Situasi masyarakat petani yang kebanyakan di desa-desa tidak bertanah, tidak lepas dari UU sektoral yang telah menggerus hak-hak ulayat tanah, hutan, dan juga petani. Di satu pihak, pengusaha memiliki dokumen resmi SIUP dari kepala daerah. Di pihak lain, MHA dan petani umumnya tidak memiliki bukti resmi untuk digunakan sebagai bukti penolakan. Bukti ketimpangan penguasaan tersebut telah dilaporkan Sekjen KPA berdasarkan Badan Statistik Nasional pada 2004.
Meskipun baru-baru ini UU Pengadaan Tanah disahkan, tampaknya tidak menolong nasib petani-petani gurem. Banyak pandangan yang mengatakan, UU Pengadaan Tanah tidak pro dengan masyarakat hukum adat maupun petani.
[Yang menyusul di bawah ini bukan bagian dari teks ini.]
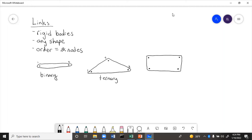And this last one, the rectangular one, is quaternary or fourth order because it has four connection points.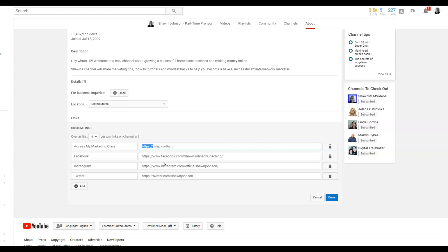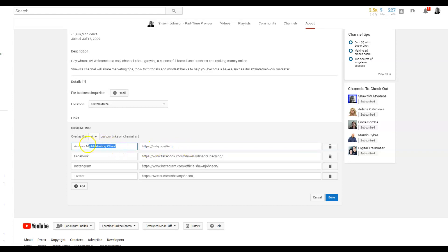Put the four most websites that you use or the four websites you want people to visit. Personally, I'm on Instagram, Twitter, and Facebook, so I put my Facebook fan page, my Instagram page, and my Twitter account. I also put a marketing masterclass where I can generate leads — if you're in a business, you want to generate leads from people coming to your funnel and getting your training. Or maybe you have a blog — put your blog here instead.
Justru, petanipetani berdasi atau swasta yang memiliki modal besar yang diutamakan.
Peluang untuk perubahan juga didukung oleh faktor lahirnya beberapa konsep naskah akademik dan draf perubahan UU PA. Dukungan kepada DPR untuk melakukan perubahan UU PA, dapat menggunakan sumber kajian sebelumnya. Selain telah memiliki naskah akademik dan draf perubahannya, DPD RI (periode 2004 -2009) juga mendapat dukungan dari berbagai pihak, seperti Asosiasi Kepala Daerah se-Indonesia.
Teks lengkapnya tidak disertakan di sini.